Below are several records. Retype exactly those lines running from the one with "Casa terrea de" through the one with "Garni-Hotel Zum Alten", end lines included, and no others.

Exercise materials
* * * * * * * * *

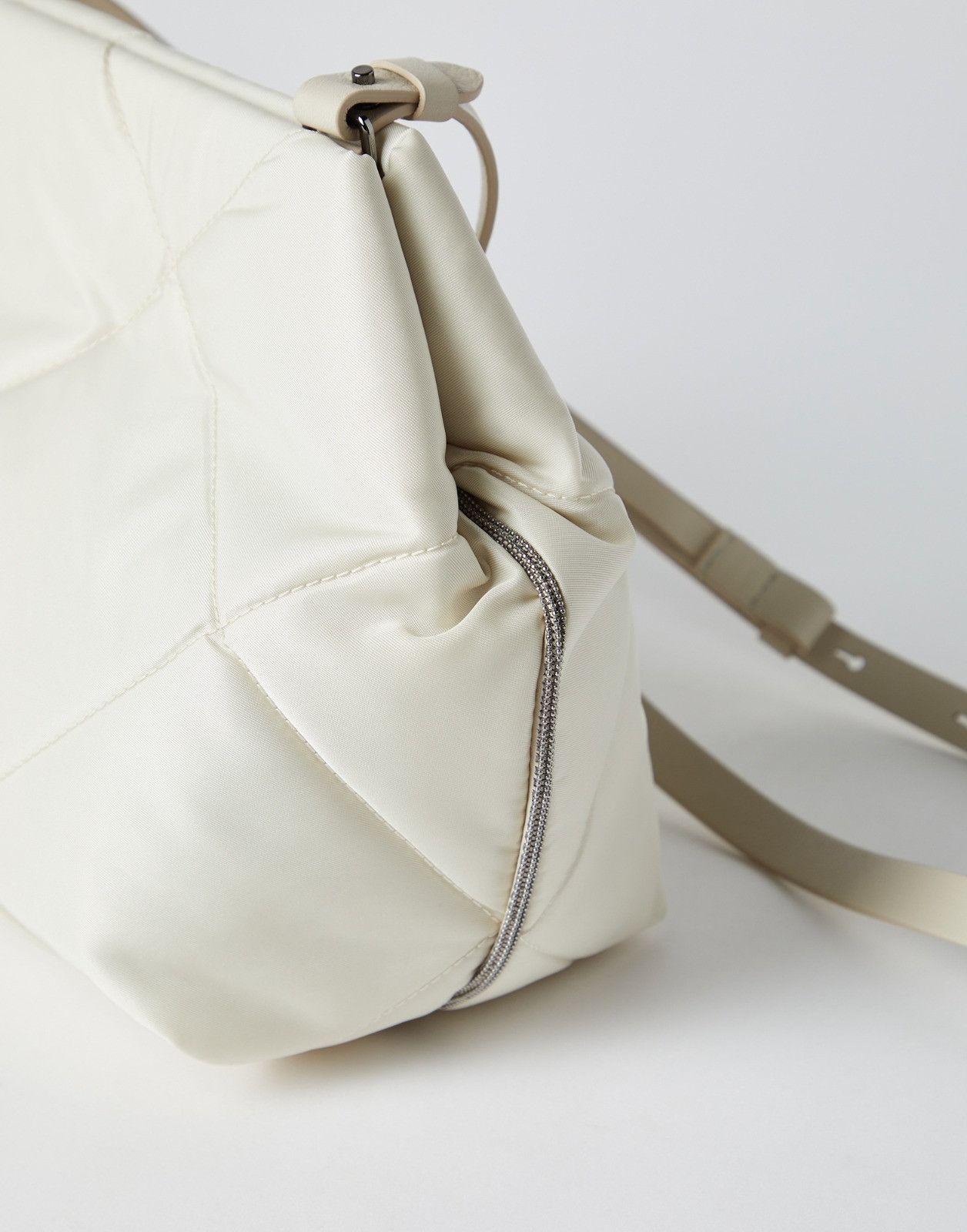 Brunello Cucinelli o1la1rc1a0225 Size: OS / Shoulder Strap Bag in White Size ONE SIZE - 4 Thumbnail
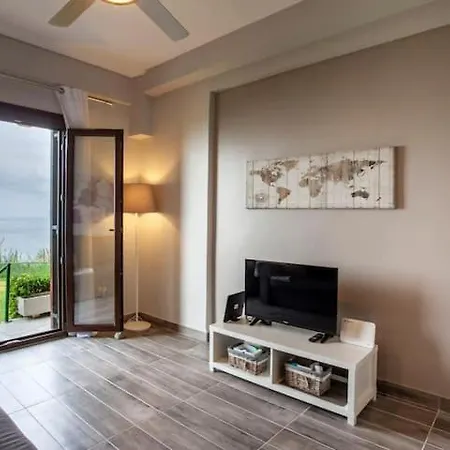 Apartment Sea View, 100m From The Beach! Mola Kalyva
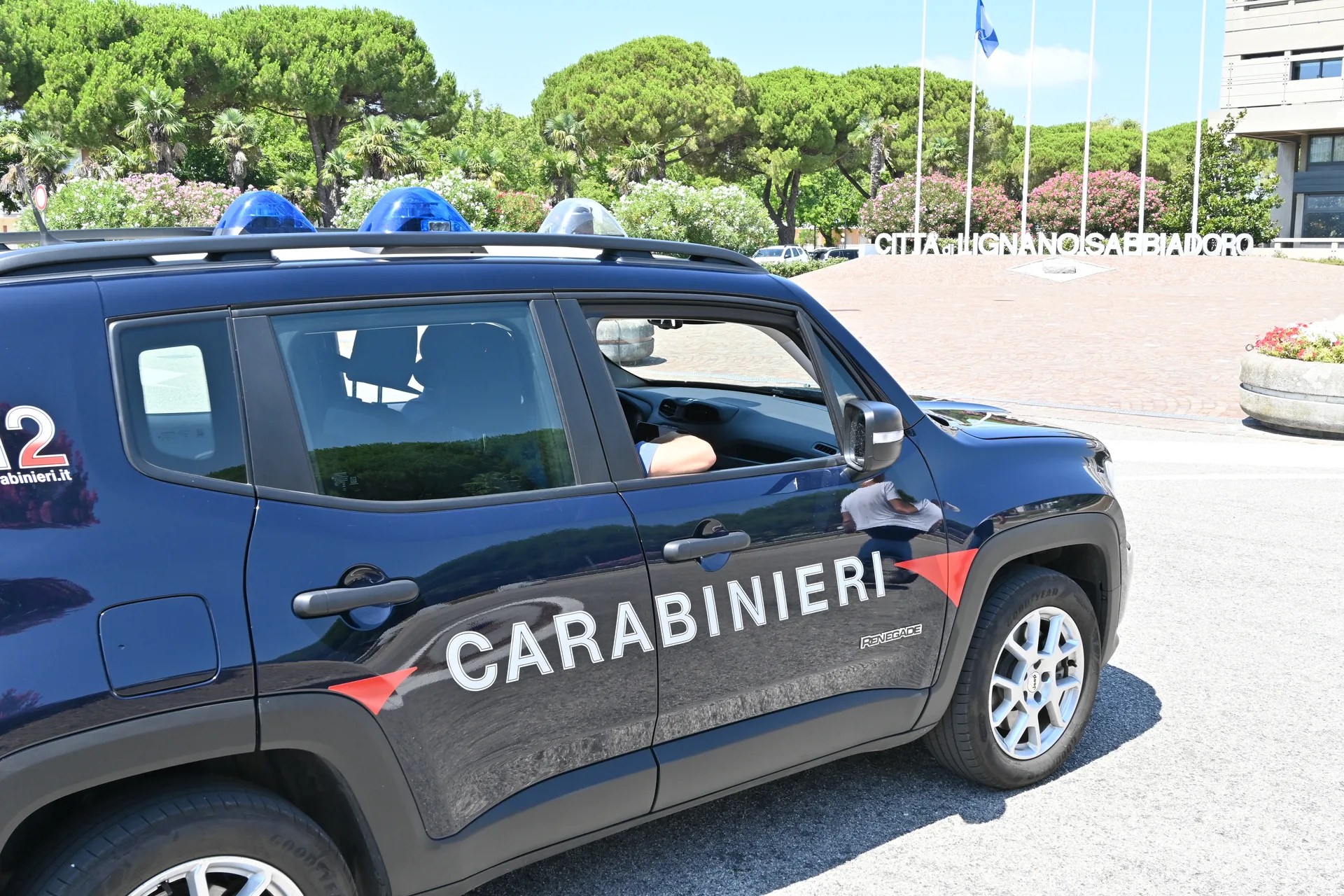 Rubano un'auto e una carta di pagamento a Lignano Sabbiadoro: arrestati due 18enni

* * * * * * * * *

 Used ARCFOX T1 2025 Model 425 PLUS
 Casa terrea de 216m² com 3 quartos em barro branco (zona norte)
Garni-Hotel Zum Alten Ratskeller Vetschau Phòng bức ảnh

* * * * * * * * *

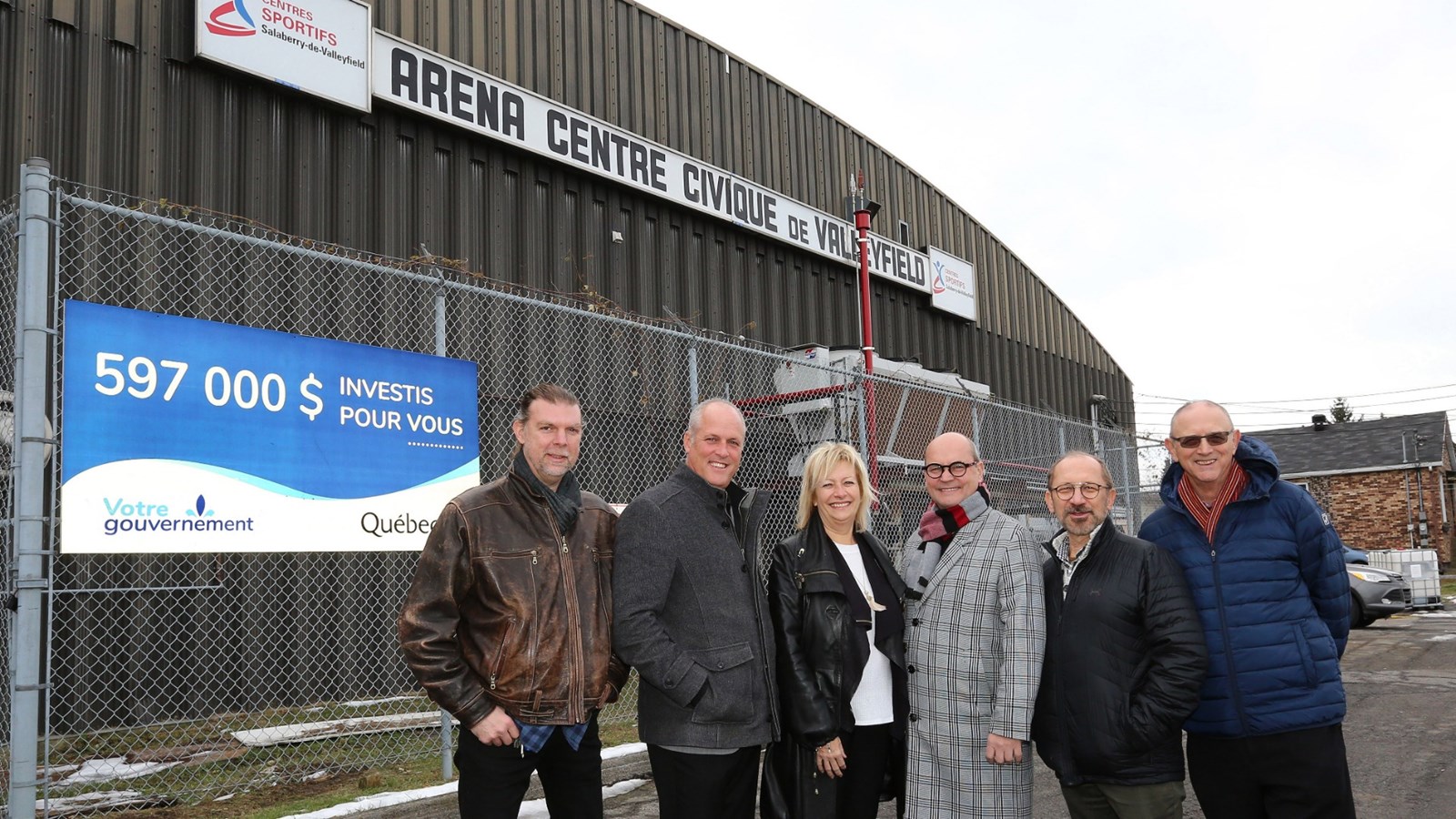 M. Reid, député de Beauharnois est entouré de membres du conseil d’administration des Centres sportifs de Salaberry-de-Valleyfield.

* * * * * * * * *

Response below
 Casa terrea de 216m² com 3 quartos em barro branco (zona norte)
Garni-Hotel Zum Alten Ratskeller Vetschau Phòng bức ảnh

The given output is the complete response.